Let $f \in \mathbb{Z}[x]$ be a nonconstant polynomial. Consider $\bar{f} \in \mathbb{F}_p[x].$ Let $\rho_p$ be the number of distinct roots of $\bar{f}$ in $\overline{\mathbb{F}}_p$, the algebraic closure of $\mathbb{F}_p$. Also, let $\rho$ be the number of distinct roots of $f$ in $\mathbb{C}$.
Question 1:
Do you have a reference for showing that $\rho_p \leq \rho$ for all large primes $p$?
If not, then of course, I'd also be happy with an (understandable) argument that shows this. (I'm weak in algebraic number theory.)
Question 2:
Do we only need to assume that $p$ is such that $\bar{f}$ is nonzero in $\mathbb{F}_p$?
My background to the question: I actually have used the first result in counting the maximal subgroups (by their index) of groups of the form $\mathbb{Z}^k \rtimes \mathbb{Z}$ and similar metabelian groups. Now that I'm going back and rereading my work (to convert it into a paper) I've realized that I used this without justification.
Yes, this is more or less immediate from considering the factorization of $f$ in $\mathbb{Z}[x]$. We can factor $f$ as $$f=af_1^{e_1}\dots f_n^{e_n}$$ where $a\in\mathbb{Z}$ and $f_1,\dots,f_n\in\mathbb{Z}[x]$ are distinct irreducible polynomials of positive degree. By Gauss's lemma, the $f_i$ are also irreducible in $\mathbb{Q}[x]$. An irreducible polynomial always has distinct roots in characteristic $0$, and distinct irreducible polynomials over a field have no roots in common with each other in any extension field. So each $f_i$ contributes $\deg f_i$ distinct roots to $f$ over $\mathbb{C}$, and so $f$ has $\sum_i \deg f_i$ distinct roots over $\mathbb{C}$.
Now, let $p$ be such that $\bar{f}\neq 0$. Reducing our factorization of $f$ mod $p$ we get a factorization $$\bar{f}=\bar{a}\bar{f}_1^{e_1}\dots \bar{f}_n^{e_n}.$$ Since $\bar{f}\neq 0$, none of these factors are $0$. But now it is clear that $\bar{f}$ cannot have more than $\sum_i \deg \bar{f}_i\leq\sum_i\deg f_i$ roots in $\overline{\mathbb{F}}_p$, since each root of $\bar{f}$ is a root of some $\bar{f}_i$. Thus $\rho_p\leq \rho$.
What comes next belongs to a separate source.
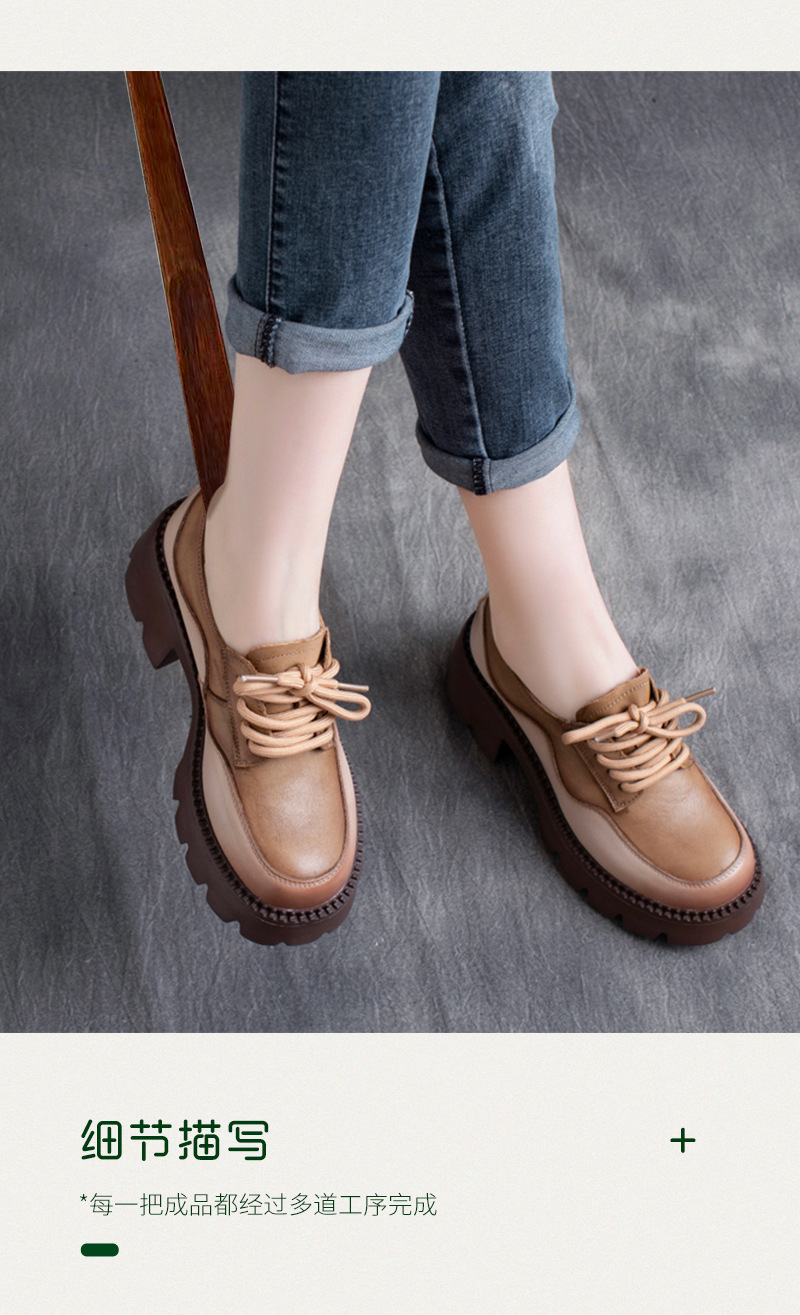 实木鞋拔子长柄家用免弯腰穿鞋提鞋神器鞋抽鞋扒子便携式鞋抽批发详情9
In fact, for all sufficiently large $p$, $\rho_p=\rho$. This can be proven, for instance, by computing $\gcd(f,f')$ in $\mathbb{Q}[x]$ using the Euclidean algorithm. This computation will only involve finitely many rational numbers and thus will be valid in $\mathbb{F}_p[x]$ for all sufficiently large $p$. Since $\frac{f}{\gcd(f,f')}$ has the same roots as $f$ but with no repeated roots (as long as $\deg f$ is less than the characteristic), this implies $\rho_p=\rho$ as long as $p$ is sufficiently large.
Alternatively, this fact is immediate from a bit of model theory. If there are infinitely many different $p$ such that $\rho_p\neq\rho$, take an ultraproduct $F$ of the fields $\overline{\mathbb{F}}_p$ for all such $p$. This ultraproduct $F$ will be a field of characteristic $0$. The statement "$f$ splits and does not have exactly $\rho$ distinct roots" can be expressed in the first-order language of rings and is true in each factor $\overline{\mathbb{F}}_p$, and thus it is also true in the ultraproduct $F$. But since $F$ has characteristic $0$, $f$ must have exactly $\rho$ distinct roots in $F$, so this is a contradiction.